This is a super easy breakfast to put together in the mornings and really tasty. The best part is that you can just put in whatever veggies or meats you have lying around. I came up with this recipe after reading several other recipes and then going for what I thought would be good. After it is cooked and cooled, I like to section it up in individual portions then wrap in tin foil and put in the freezer so I can take it to work with me.
Ingredients:
2 cups of cubed bread, I use pumpernickel or sourdough (cubes about 1/2 inch thick is fine)
1 pint of egg beaters, more or less depending on how much egg to veggie ratio you like (use egg whites for a bit of a healthier version)

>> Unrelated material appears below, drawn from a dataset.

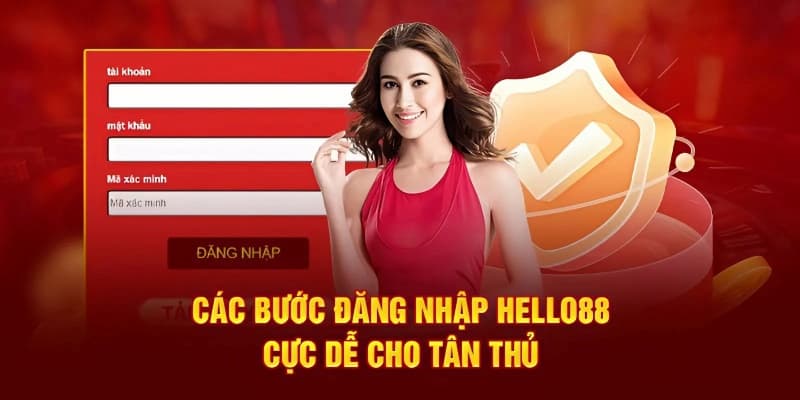 Hướng dẫn đăng nhập Hello88 cơ bản chưa đến 20 giây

1.5 cup cheese, shredded (I used cheddar)
1.5 cups sliced breakfast sausage links, cooked and drained (I used Morning Star sausage links)
1/2 cup green pepper, diced
1 tomato, diced
2/3 cup of cream of mushroom soup (cream of chicken may also be substituted)

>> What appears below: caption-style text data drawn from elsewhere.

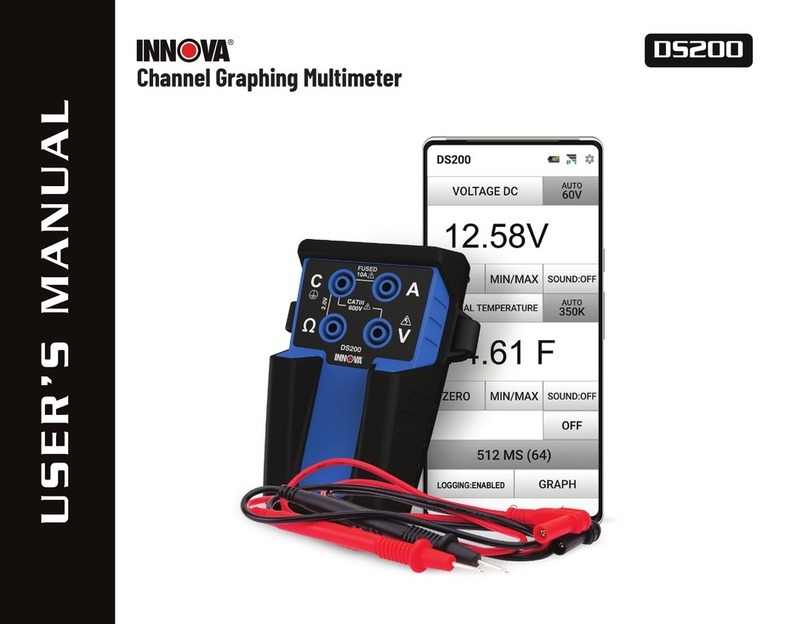 Innova DS200 user manual
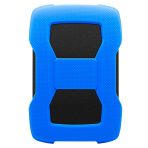 Disco Duro Externo ADATA HD330 Antigolpes y Salpicaduras 1TB COLOR Azul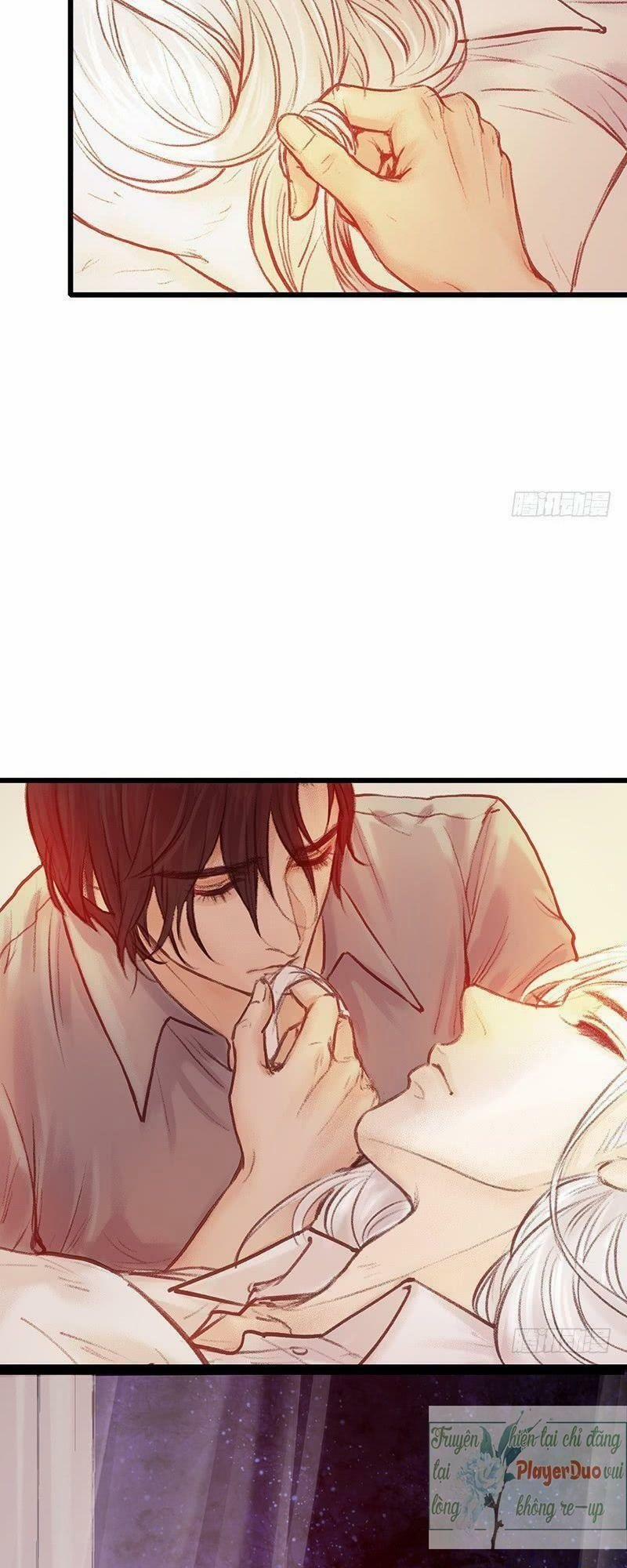 Hữu Yêu Lai Chi Họa Trung Tiên 9 trang 27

hot sauce, a couple of dashes to taste
salt and pepper, to taste
*feel free to add any other vegetables or crumbled bacon
Directions:
1. Preheat oven to 350. Spray a 9x13 pan with cooking spray.

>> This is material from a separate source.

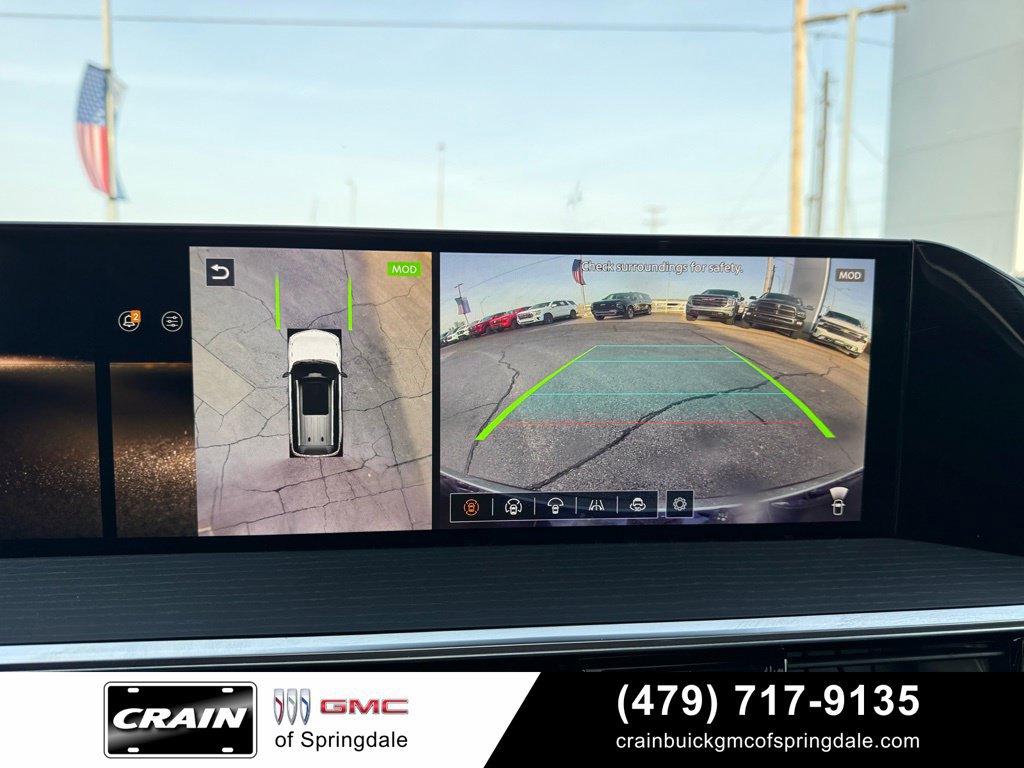 Used 2025 INFINITI QX80 Sensory AWD/4WD image 16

2. Layer bread cubes along the bottom of the pan. Layer the other vegetables and sausage on top of that.
3. In a bowl, mix the egg mixture and cream of mushroom soup along with salt and pepper and hot sauce. Pour the mixture over the bread and veggies. Sprinkle the cheese of top of this.
4. Bake in the over for about 30-40 minutes until you insert a knife and it comes out clean.